→ Exercise prompt:
Where the line containing "Marabou Marabou Daim" appears, begin retyping; continue exactly through the final line of the data. Omit every picture.

(Beginning of Data extract)

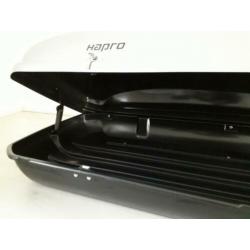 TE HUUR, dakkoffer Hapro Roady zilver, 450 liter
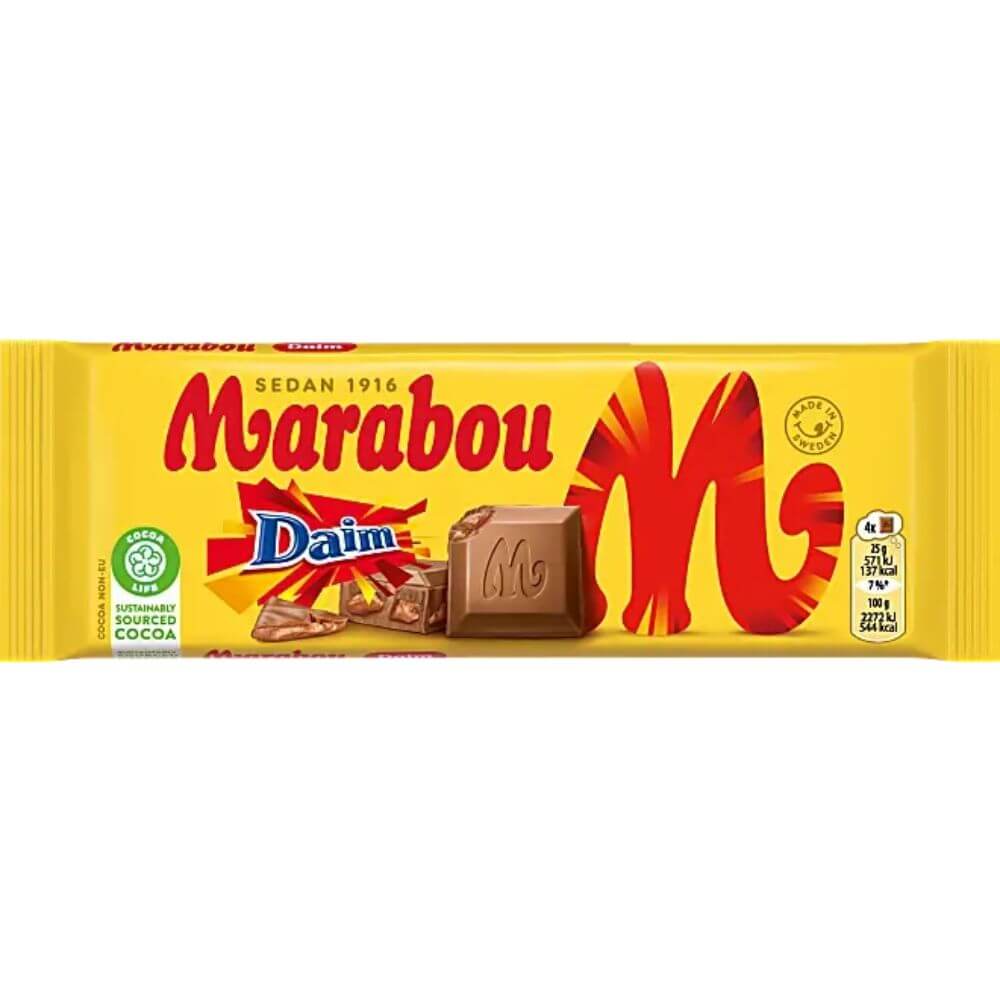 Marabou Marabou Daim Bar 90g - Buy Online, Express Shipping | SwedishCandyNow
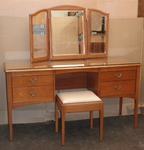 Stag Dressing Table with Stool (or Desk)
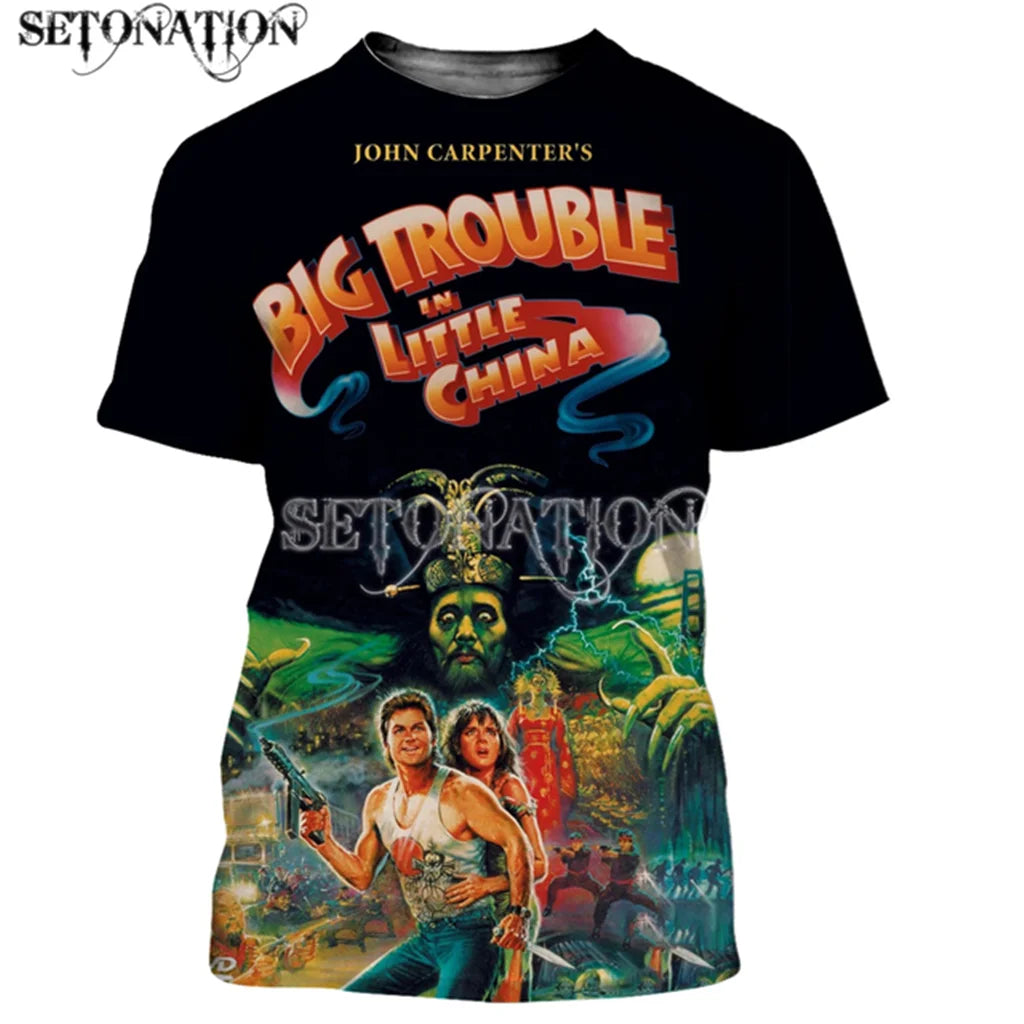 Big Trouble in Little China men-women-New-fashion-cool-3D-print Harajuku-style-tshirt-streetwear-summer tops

(End of Data extract)

→ Exercise result:
 Marabou Marabou Daim Bar 90g - Buy Online, Express Shipping | SwedishCandyNow
 Stag Dressing Table with Stool (or Desk)
 Big Trouble in Little China men-women-New-fashion-cool-3D-print Harajuku-style-tshirt-streetwear-summer tops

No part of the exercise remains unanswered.